ASSIGNED TASK :: An exact transcription of all the records, free of pictures, is the expected answer.

[Scraped caption text data]
──────

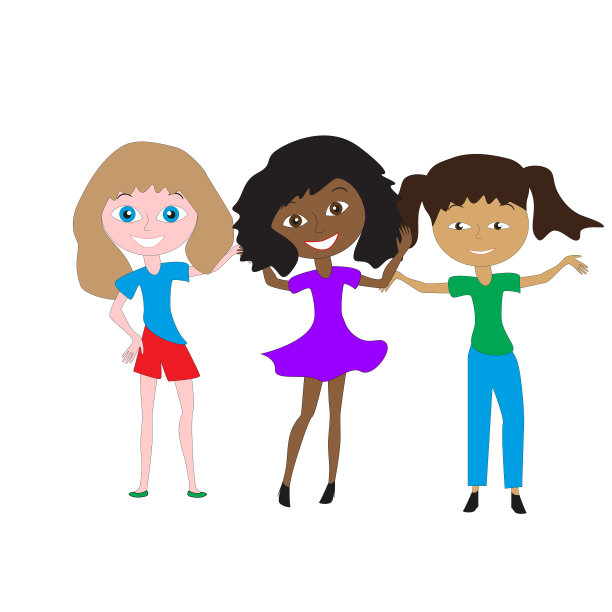三个不同种族的女孩。图片下载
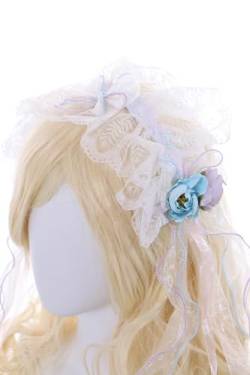 C-106 Weiß Haarband mit blau lila Blumen Schleife Spitze Rüschen Gothik Lolita Maid Zofe Party Feier Haarschmuck Kopfaccessoir von Kawaii-Story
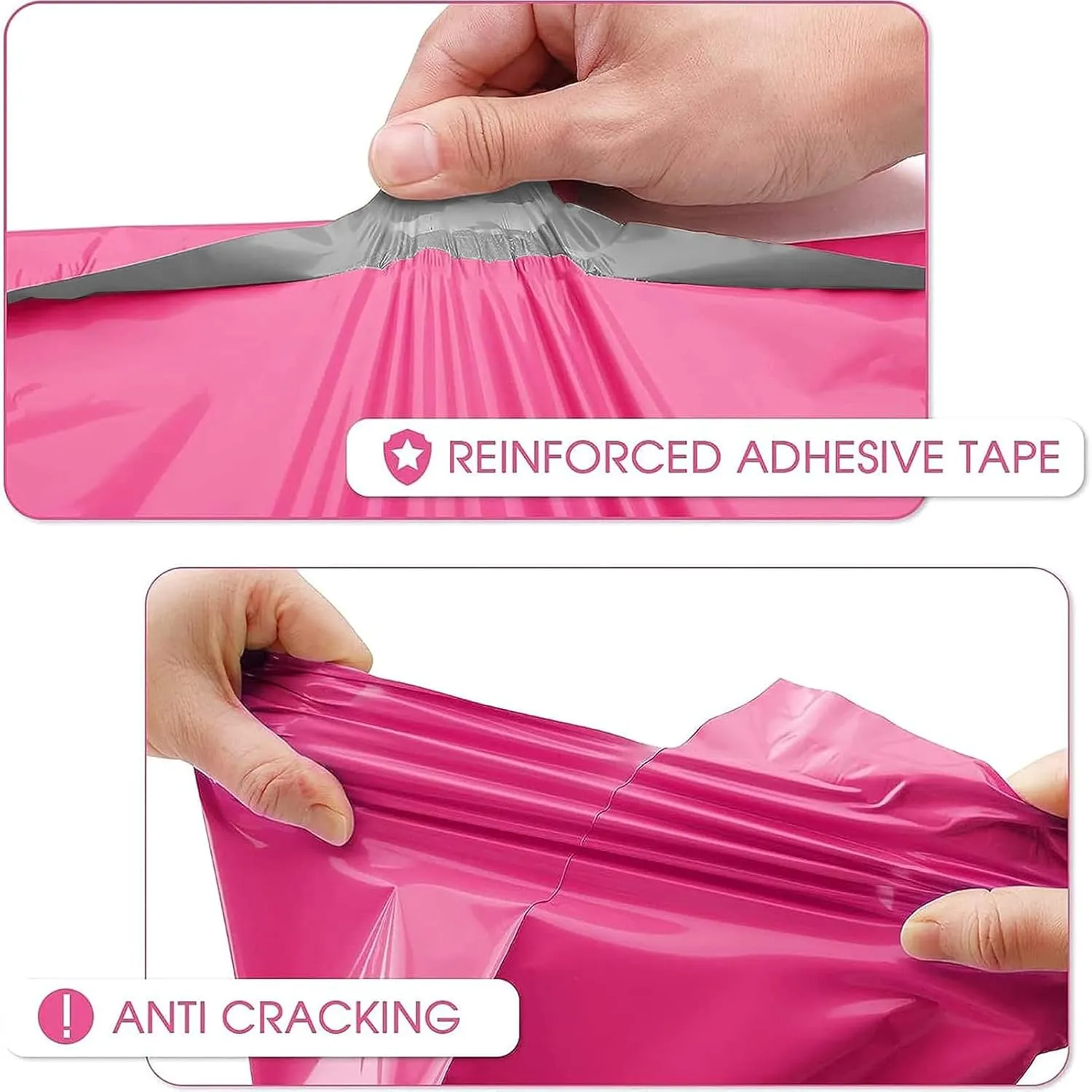 Metronic Poly Mailers 12x15.5 100 Pack Shipping Bags，Strong Adhesive Mailing Bags, Waterproof and Tear-Proof Multipurpose Envelopes for Clothing, Small Business,Boutique, Postal Bags Pink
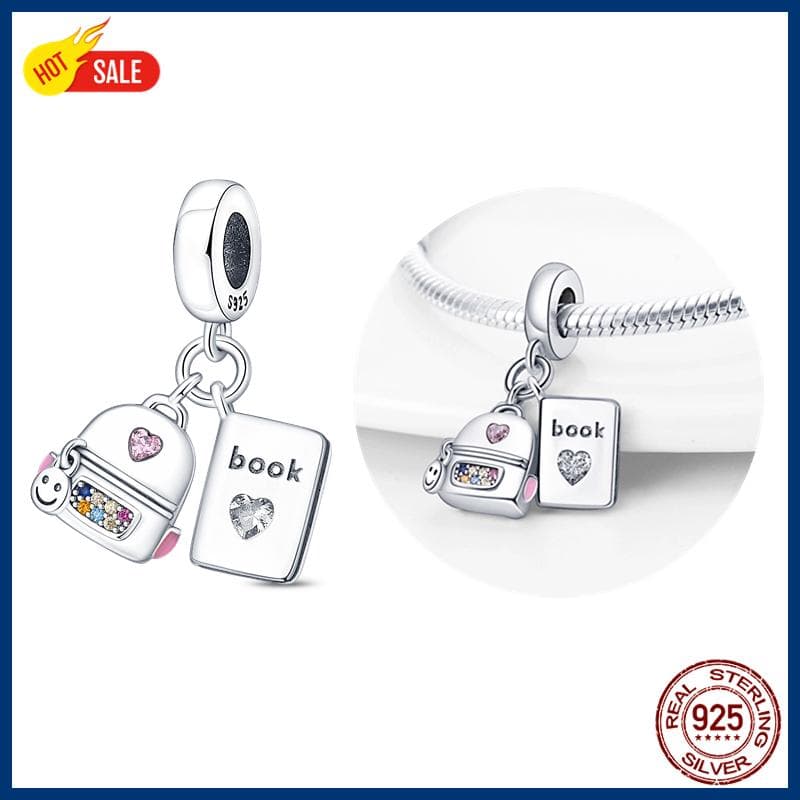 100% S925 Sterling Silver Firefly Charms Evil Eye Hot Air Balloon Blue Charms Fit Original Bracelet DIY Jewelry Making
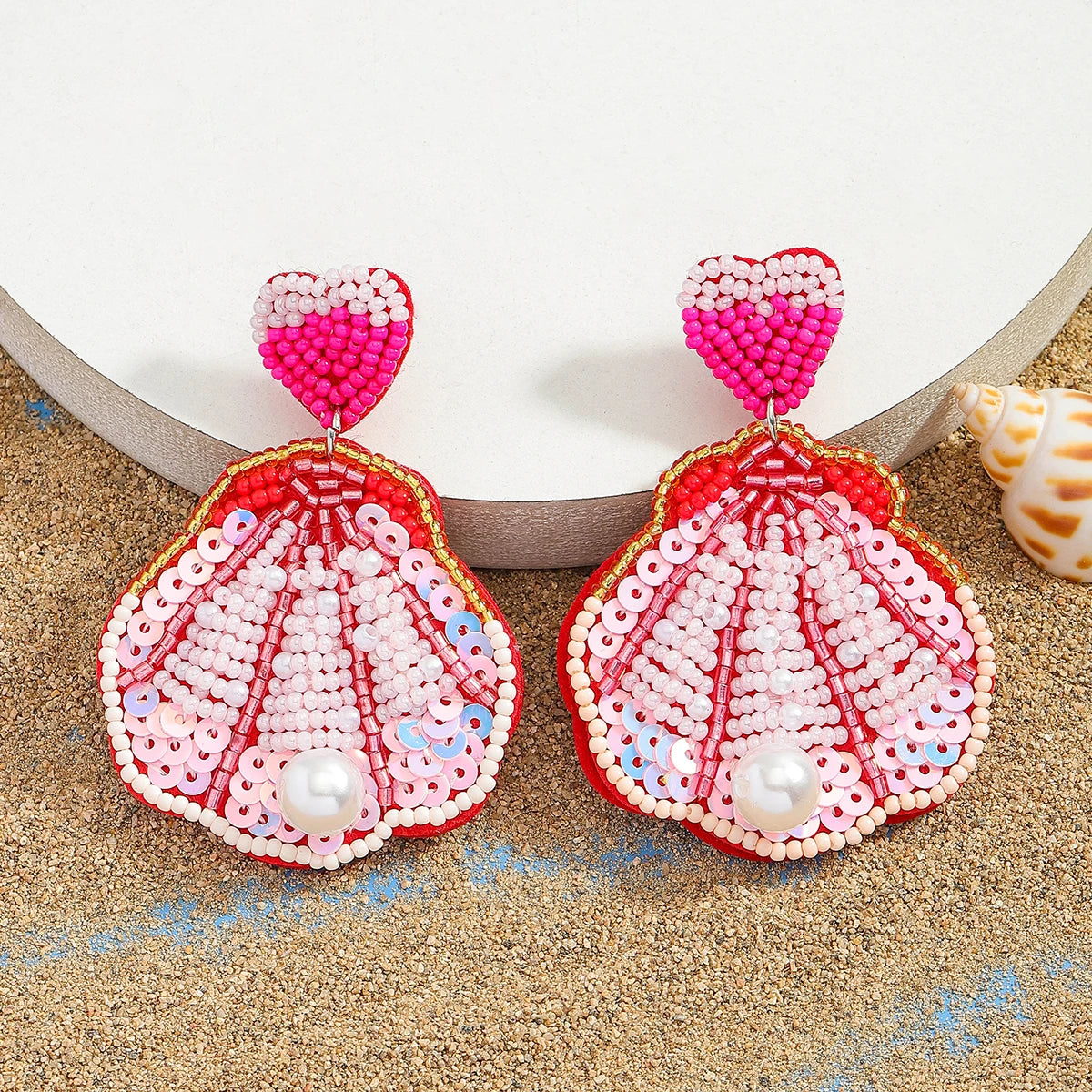 Sea Charm – Handmade Lobster & Coral Dangle Earrings with Beads, Pearls & Sequins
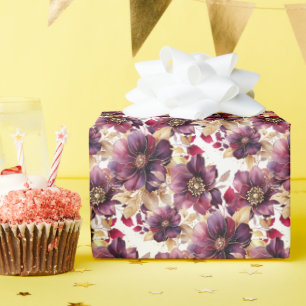 Papier Cadeau Elégant floral or bordeaux pourpre blanc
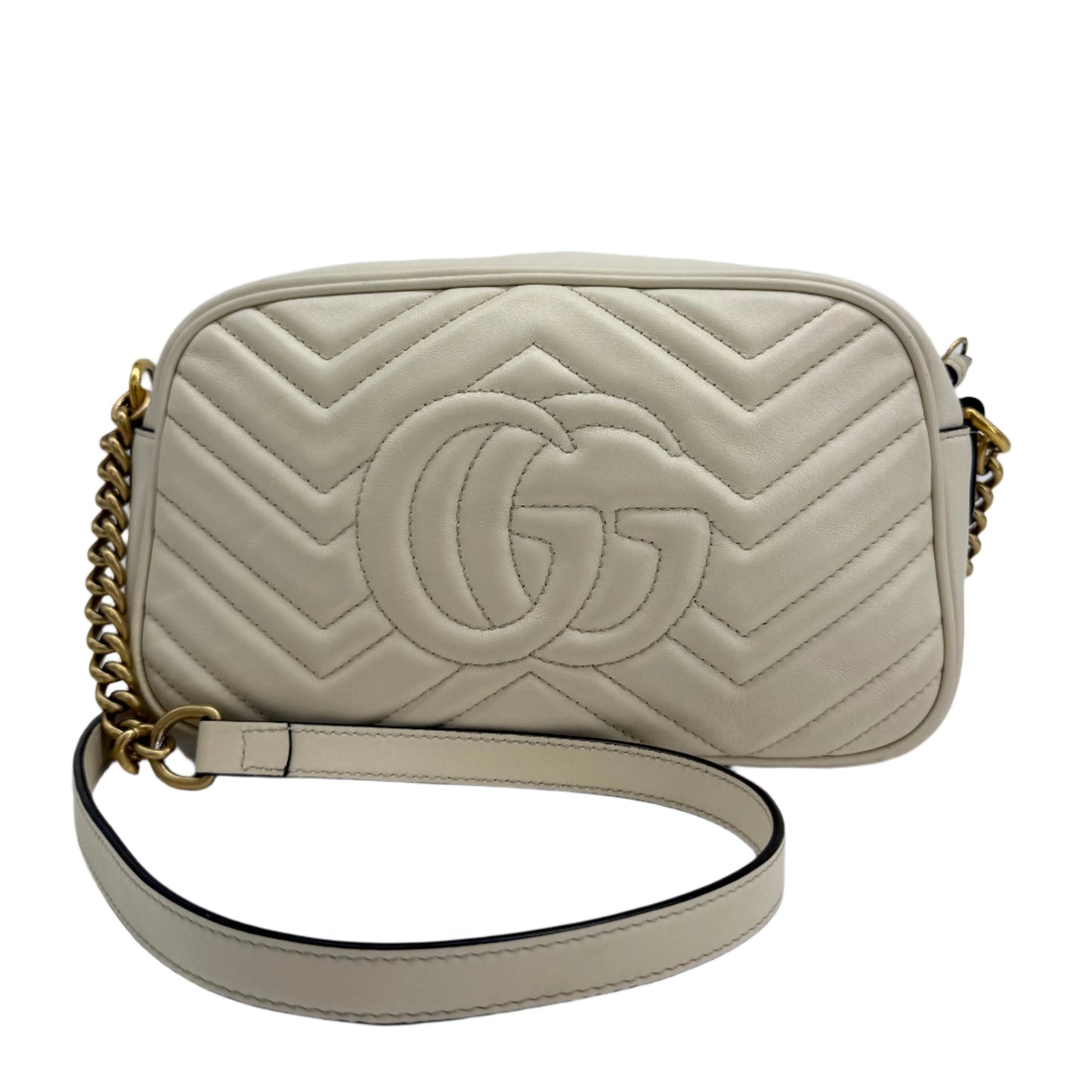 Gucci GG Marmont Small Shoulder Bag – White Matelassé Calfskin with Antiqued Gold Chain
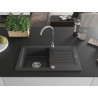Mexen Pablo granite kitchen sink 1-bowl with drainer 752 x 436 mm, black speckled, chrome siphon - 6510751010-76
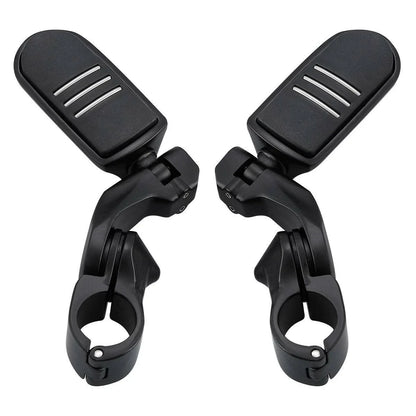 1-1/4" Matte Black Short Angled Engine Guard Bar Foot Pegs for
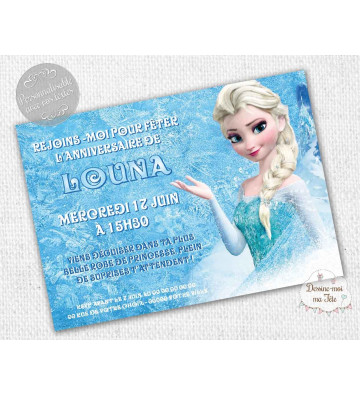 carte d'invitation Anniversaire Reine des Neiges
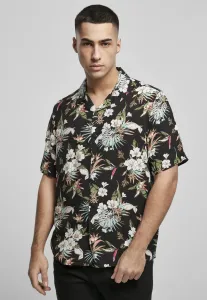 Urban Classics Viscose AOP Resort Shirt blacktropical - Size:XL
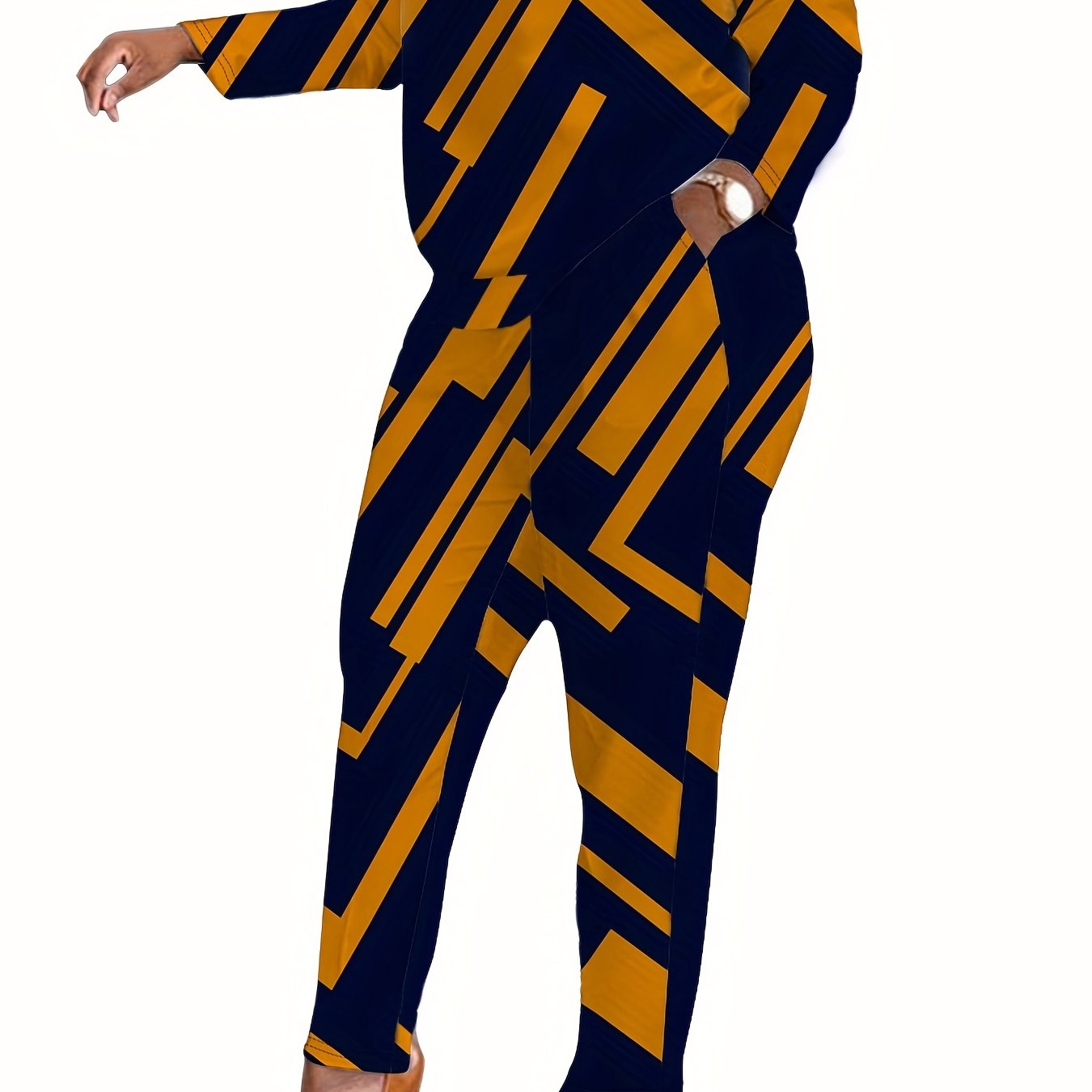 Women's Plus Geo Print Top & Pants 2 Piece Set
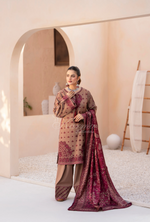 Winter Luxury 3 Piece Embroidered Mishaal Karma CollectionESPRESSO SKU:KC-1536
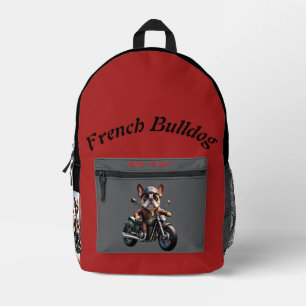 Sac À Dos Imprimé Bouledogue français moto Bouledogue français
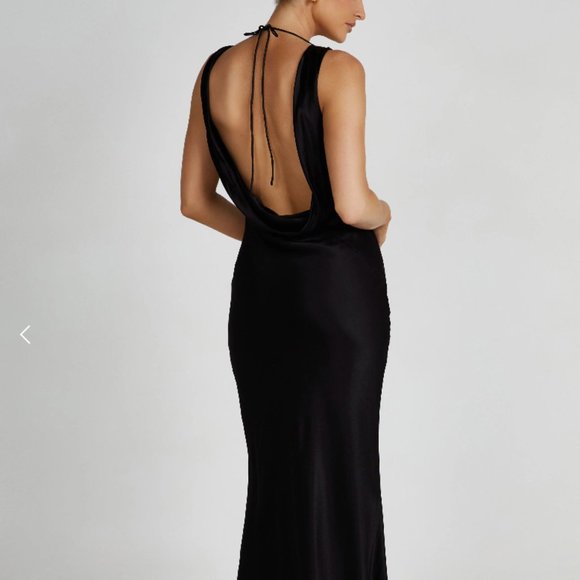 Meshki Black Satin Dress - Picture 2 of 4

──────

ANSWER FOR THE TASK ::
三个不同种族的女孩。图片下载
 C-106 Weiß Haarband mit blau lila Blumen Schleife Spitze Rüschen Gothik Lolita Maid Zofe Party Feier Haarschmuck Kopfaccessoir von Kawaii-Story
 Metronic Poly Mailers 12x15.5 100 Pack Shipping Bags，Strong Adhesive Mailing Bags, Waterproof and Tear-Proof Multipurpose Envelopes for Clothing, Small Business,Boutique, Postal Bags Pink
 100% S925 Sterling Silver Firefly Charms Evil Eye Hot Air Balloon Blue Charms Fit Original Bracelet DIY Jewelry Making
 Sea Charm – Handmade Lobster & Coral Dangle Earrings with Beads, Pearls & Sequins
 Papier Cadeau Elégant floral or bordeaux pourpre blanc
 Gucci GG Marmont Small Shoulder Bag – White Matelassé Calfskin with Antiqued Gold Chain
Mexen Pablo granite kitchen sink 1-bowl with drainer 752 x 436 mm, black speckled, chrome siphon - 6510751010-76
 1-1/4" Matte Black Short Angled Engine Guard Bar Foot Pegs for
 carte d'invitation Anniversaire Reine des Neiges
 Urban Classics Viscose AOP Resort Shirt blacktropical - Size:XL
 Women's Plus Geo Print Top & Pants 2 Piece Set
 Winter Luxury 3 Piece Embroidered Mishaal Karma CollectionESPRESSO SKU:KC-1536
 Sac À Dos Imprimé Bouledogue français moto Bouledogue français
 Meshki Black Satin Dress - Picture 2 of 4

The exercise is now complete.